No, the revolutions did not affect my life much or
make it too different from the childhood any of you could have had
in a small Utah town. True, we did have a little more of a feeling
of isolation than a Utahan might have had. We were isolated, not
only geographically, but by race, color, and religion.
I did, however, do about the same things any country
girl would do: learned to swim in a river, learned to ride horses,
learned to help with the haying, with fruit picking (picked my share
of berries), hoed in a garden, etc. Speaking of swimming, we did
have a practice that might have been different. We had boys’ day
and girls’ day—not “co-ed” swimming except for illegal swimming
parties up the river with guards posted in case parents showed up.

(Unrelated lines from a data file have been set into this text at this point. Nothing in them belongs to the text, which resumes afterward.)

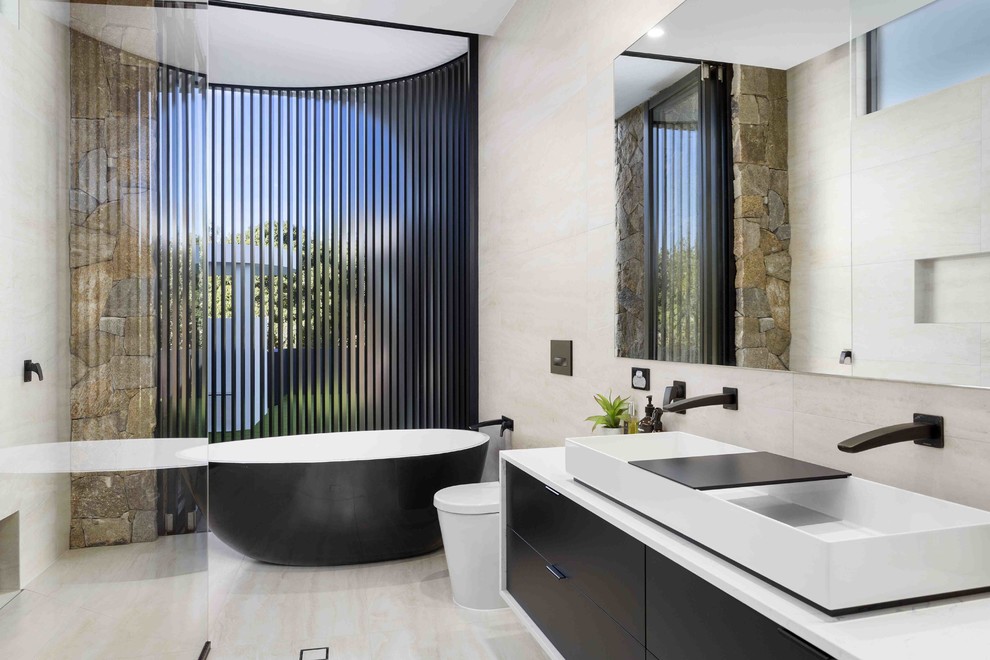 Inspiration for a contemporary ensuite bathroom in Gold Coast - Tweed with flat-panel cabinets, black cabinets, a freestanding bath, a walk-in shower, a one-piece toilet, beige tiles, beige walls, a trough sink, concrete worktops, beige floors, an open shower and grey worktops.
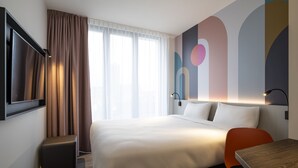Una habitación de hotel moderna con una cama grande, un escritorio y una silla. Hay una ventana con cortinas, un televisor montado en la pared y una pared con arte abstracto.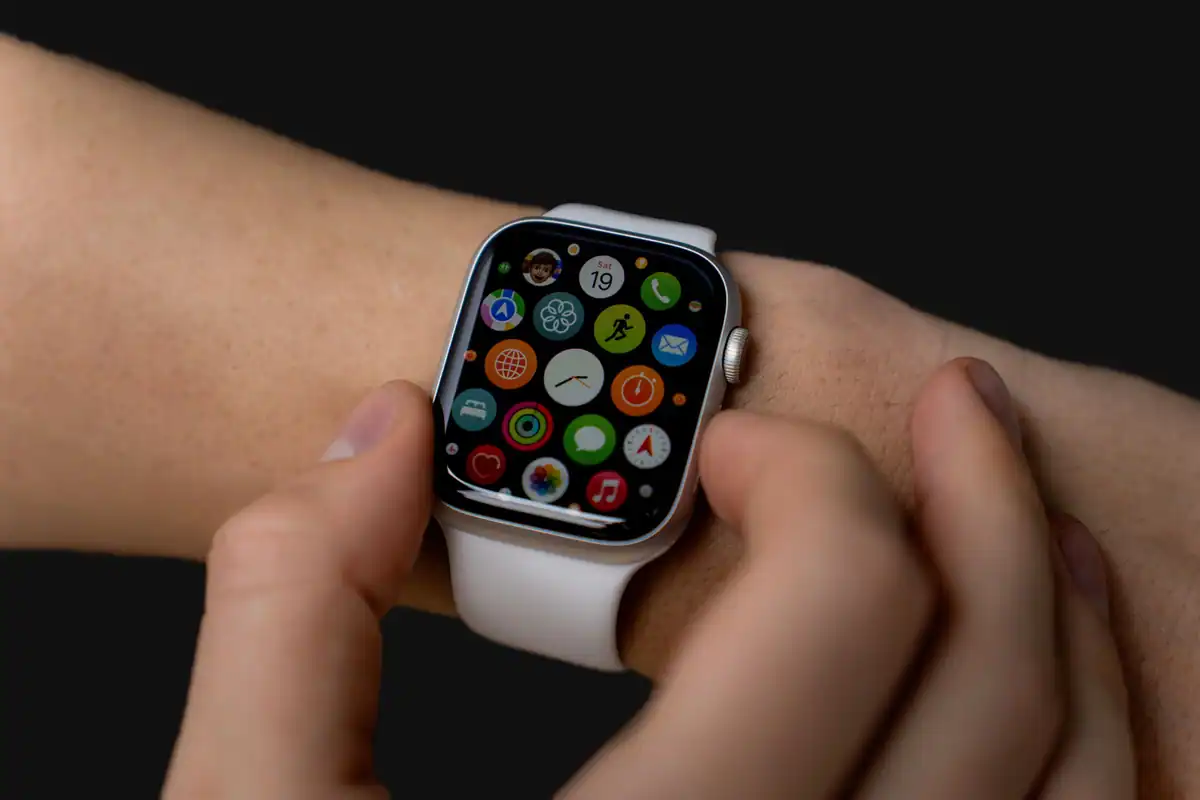 Persoană care își verifică smartwatch-ul cu ecran colorat, purtat la încheietura mâinii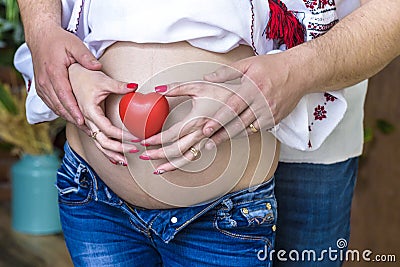 Pregnant couple choosing gender of the baby, the child`s name. The problem of choice for a husband and wife Stock Photo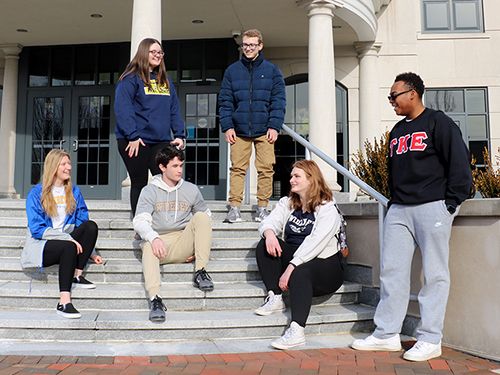 Six students stand or sit on the steps of Founders Hall 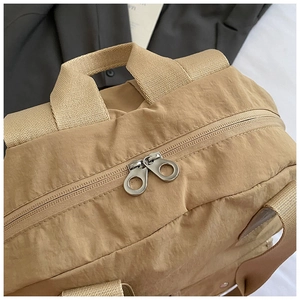 Detail of dual silver zippers and nylon fabric texture on khaki travel backpack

I did not, and do not to this day, enjoy swimming as much as I should
due to a near drowning when I was about ten. The river was in flood
and my mother was very reluctant to let me go that day. A friend
named Helen Mae Taylor helped me persuade mother by assuring her
that her mother would be going and would be most happy to watch
me, too. Helen Mae and I could not swim alone. We had nothing to
help us but “homemade” life preservers which consisted of a wet
pillow case that had been flung through the air fast enough to partially
fill them with air. We then clasped the open end tightly in our
hands and used the buoyancy thus created to hold us up while we
swam. We were safe enough where we had been told to swim but suddenly
Helen Mae called to tell her mother that she was going to swim across
the river and set out with me right behind her. Because of the flood
she was swept downstream, panicked and let go of her “life jacket.”
I followed suit. Helen Mae’s mother swam to rescue her daughter
and all attention was on that rescue. I was swept downstream and
only accidentally someone saw me disappearing around the bend in
the river. Only because there were several excellent swimmers was
I rescued. Getting me back to consciousness was touch and go for
some time. My mother would not let me go swimming for a long time.

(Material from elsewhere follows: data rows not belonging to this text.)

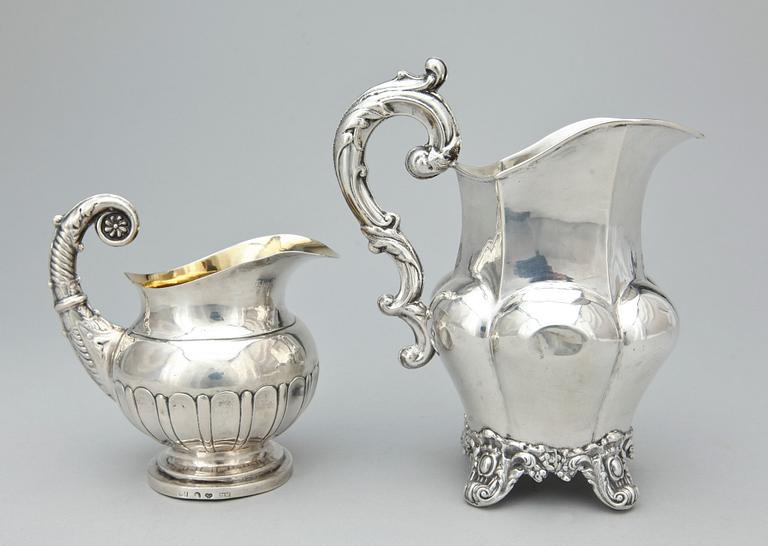 GRÄDDKANNOR, 2 st, silver, bl.a. Anders Lundqvist Stockholm 1839. Total vikt ca 230 gram.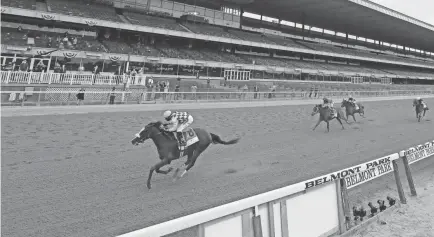  ?? BRAD PENNER/USA TODAY SPORTS ?? Tiz the Law with Manuel Franco aboard wins the 152nd running of the Belmont Stakes on Saturday in front of a mostly empty grandstand at Belmont Park.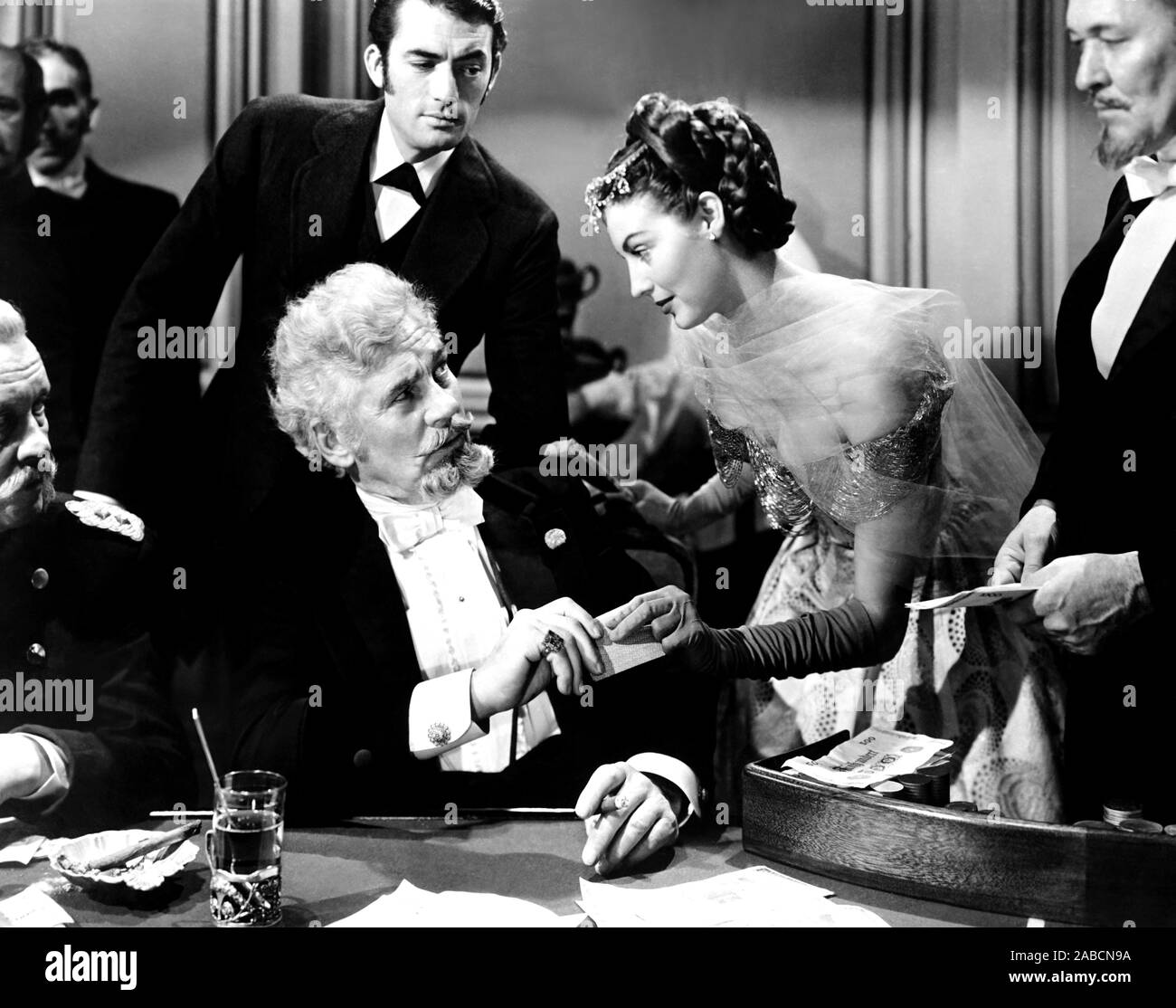 THE GREAT SINNER, from left, Walter Huston, Gregory Peck (background ...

She only relented when some of the townspeople, who I suspect, realized
I needed to get back in the water before I developed a real trauma,
teased her about “not letting my daughter go swimming until she
learns how to swim.”
The thing that makes my early life different from yours
is that my father was a polygamist and I have 26 brothers and sisters.

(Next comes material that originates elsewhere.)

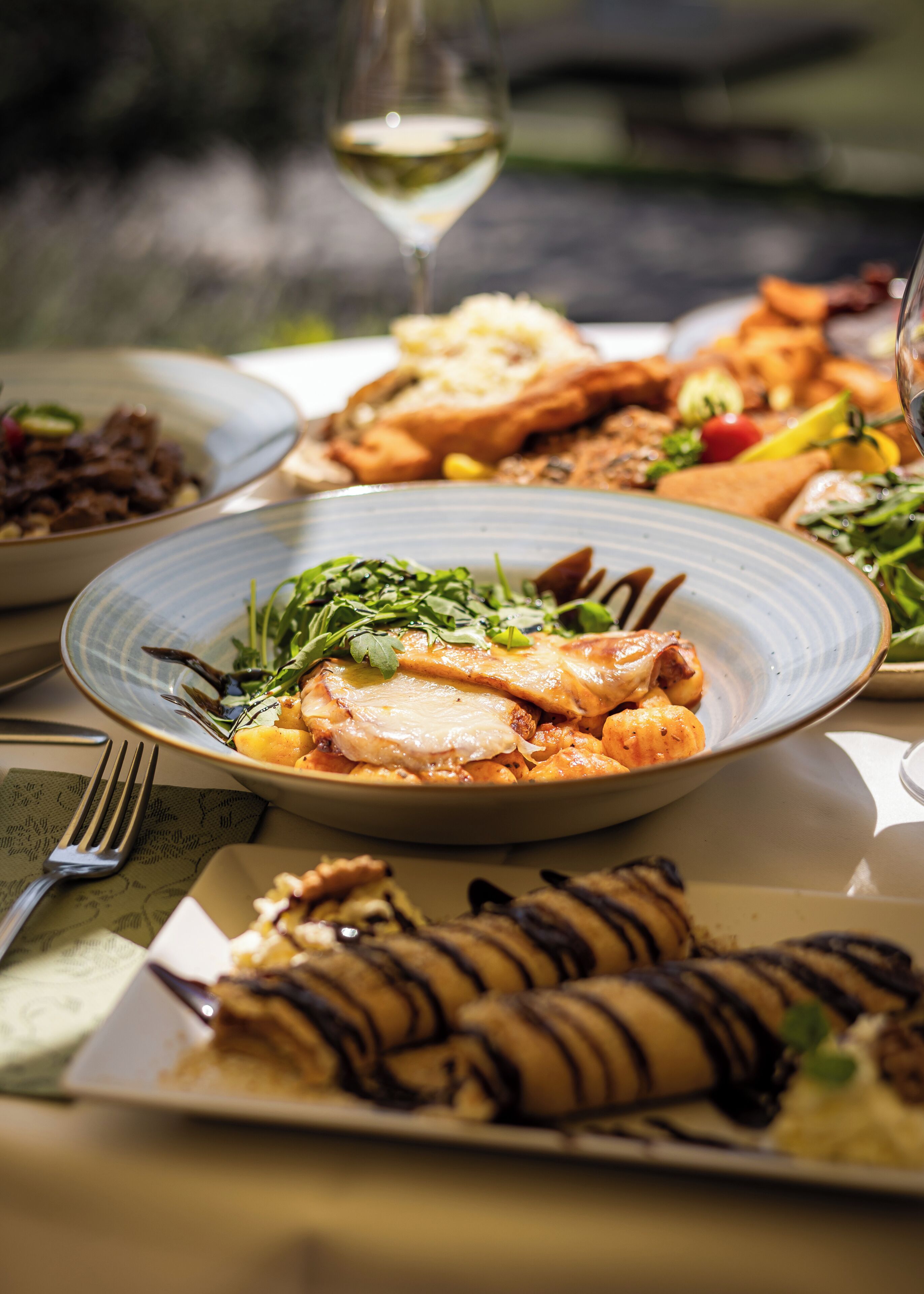 Una mesa con varios platos, incluyendo un plato con pollo, una copa de vino blanco y otros alimentos.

Some of you may question that church members practiced polygamy
as late as my parents did. I used to try to question my mother but
her answer was always, “We have been asked not to discuss that.”
So I have let the past stay buried I only know that quite a number
of families were married in polygamy, families in high places in
the church like Guy C. Wilson, Ed Eyring (Sister Kimball’s father),
Skousens, Calls, et al and my father.
One day she told me about her courtship with my father.
In Mexico, at that time, there were many young ladies
of marriageable age and almost no men. My grandmother had four daughters
between 18 and 23 and no prospects for husbands.
Then at one conference time, a member of the First Presidency came
to the Colonies. During his visit my mother was called in and informed
that my father had been requested to take a plural wife and he asked
for her. She knew him because she worked in the M.I.A. with him.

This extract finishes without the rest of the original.